Based on the demand curve shown, the economy moves from point A to point B due to a change in price only. This is a movement along demand. Which statement is correct?

Demand increases because consumer confidence rises, moving from A to B

Demand increases because the lower price shifts the curve to the right

Quantity demanded increases because price falls from A to B on the same curve

Quantity demanded decreases because price falls from A to B on the same curve

Demand decreases because the lower price shifts the curve to the left

Explanation

Demand is the entire curve showing the price-quantity relationship, while quantity demanded is the specific amount at one price. The graph shows movement from point A (higher price) to point B (lower price) along the same demand curve. According to the law of demand, when price falls, quantity demanded increases—we move down and right along the existing curve. This represents a movement along the demand curve, not a shift, because only price changed. A key misconception is thinking lower prices shift demand right; price changes never shift curves, they only cause movements along them. Strategy: If the curve stays in place and we move between points on it, price is the only thing that changed.

2

Based on the demand curve shown for an economy-wide good, the price increases from $P_1$ to $P_2$ as indicated. This change represents a movement along the demand curve. Which statement correctly describes what happens?

Demand increases because the higher price causes the curve to shift right

Demand shifts right because consumers expect even higher future prices

Quantity demanded increases, moving from point A to point B on the same curve

Quantity demanded decreases, moving from point A to point B on the same curve

Demand decreases because the higher price causes the curve to shift left

Explanation

Demand is the entire price-quantity relationship shown by the curve, while quantity demanded is the specific amount consumers will buy at a particular price. The graph shows movement from point A to point B along the same demand curve as price rises from P₁ to P₂. When price increases, the law of demand tells us quantity demanded decreases—we move up and left along the existing curve. This is a movement along the demand curve, not a shift of the curve itself. A key misconception is thinking that price changes shift the demand curve; they don't—price changes cause movements along the existing curve. Strategy: Ask yourself what changed—if only price changed, it's a movement along; if a non-price factor changed, the curve shifts.

3

Based on the demand curve shown for an economy-wide good, the short run moves from point A to point B due to a price decrease, while the long run shows a demand shift from $D_1$ to $D_2$ due to higher consumer confidence.
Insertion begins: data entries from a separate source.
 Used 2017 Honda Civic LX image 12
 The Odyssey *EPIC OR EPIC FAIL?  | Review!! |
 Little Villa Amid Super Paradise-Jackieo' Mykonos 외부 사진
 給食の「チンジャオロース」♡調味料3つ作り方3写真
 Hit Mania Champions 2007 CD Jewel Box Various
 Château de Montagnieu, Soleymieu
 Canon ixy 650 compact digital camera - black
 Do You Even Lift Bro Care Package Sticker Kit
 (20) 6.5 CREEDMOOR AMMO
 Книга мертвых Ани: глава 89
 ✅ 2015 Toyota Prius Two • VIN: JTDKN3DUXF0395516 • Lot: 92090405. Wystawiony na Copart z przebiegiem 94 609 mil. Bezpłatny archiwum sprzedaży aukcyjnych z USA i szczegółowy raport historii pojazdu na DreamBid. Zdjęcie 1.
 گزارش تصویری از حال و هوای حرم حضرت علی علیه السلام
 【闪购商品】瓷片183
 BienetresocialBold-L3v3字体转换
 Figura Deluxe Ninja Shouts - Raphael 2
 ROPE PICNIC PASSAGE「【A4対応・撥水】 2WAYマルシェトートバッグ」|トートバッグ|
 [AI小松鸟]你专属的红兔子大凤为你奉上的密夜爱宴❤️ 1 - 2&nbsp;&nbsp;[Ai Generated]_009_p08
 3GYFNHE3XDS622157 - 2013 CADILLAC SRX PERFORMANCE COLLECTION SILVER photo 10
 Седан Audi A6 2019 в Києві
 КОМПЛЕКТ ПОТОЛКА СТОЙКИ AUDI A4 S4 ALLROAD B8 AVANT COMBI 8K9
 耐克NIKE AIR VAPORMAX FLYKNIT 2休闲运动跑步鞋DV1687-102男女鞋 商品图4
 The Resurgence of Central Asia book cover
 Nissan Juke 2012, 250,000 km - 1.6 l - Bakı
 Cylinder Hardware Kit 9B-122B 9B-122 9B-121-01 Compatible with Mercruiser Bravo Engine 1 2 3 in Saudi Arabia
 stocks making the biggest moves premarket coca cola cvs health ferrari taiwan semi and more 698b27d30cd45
Which option correctly distinguishes quantity demanded from demand?

In the short run, quantity demanded increases; in the long run, demand increases

In the short run, demand decreases; in the long run, quantity demanded decreases

In the short run, demand increases; in the long run, quantity demanded increases

In the short run, demand increases; in the long run, demand is unchanged

In the short run, quantity demanded decreases; in the long run, demand decreases

Explanation

Demand is the entire curve showing all price-quantity combinations, while quantity demanded is the amount at one specific price. The scenario describes two distinct changes: first, a price decrease causes movement from A to B along D₁ (quantity demanded increases in the short run). Second, higher consumer confidence shifts the entire curve from D₁ to D₂ (demand increases in the long run). This perfectly illustrates the difference—price changes cause movements along curves (affecting quantity demanded), while determinant changes shift curves (affecting demand itself). A key misconception is using these terms interchangeably when they represent fundamentally different concepts. Strategy: Movement along = quantity demanded changes due to price; shift of curve = demand changes due to determinants.

4

Based on the demand curves shown, the economy is at price $P^$ (unchanged). The question concerns a shift from $D_1$ to $D_2$, not a movement along demand. At price $P^$, what happens to quantity demanded?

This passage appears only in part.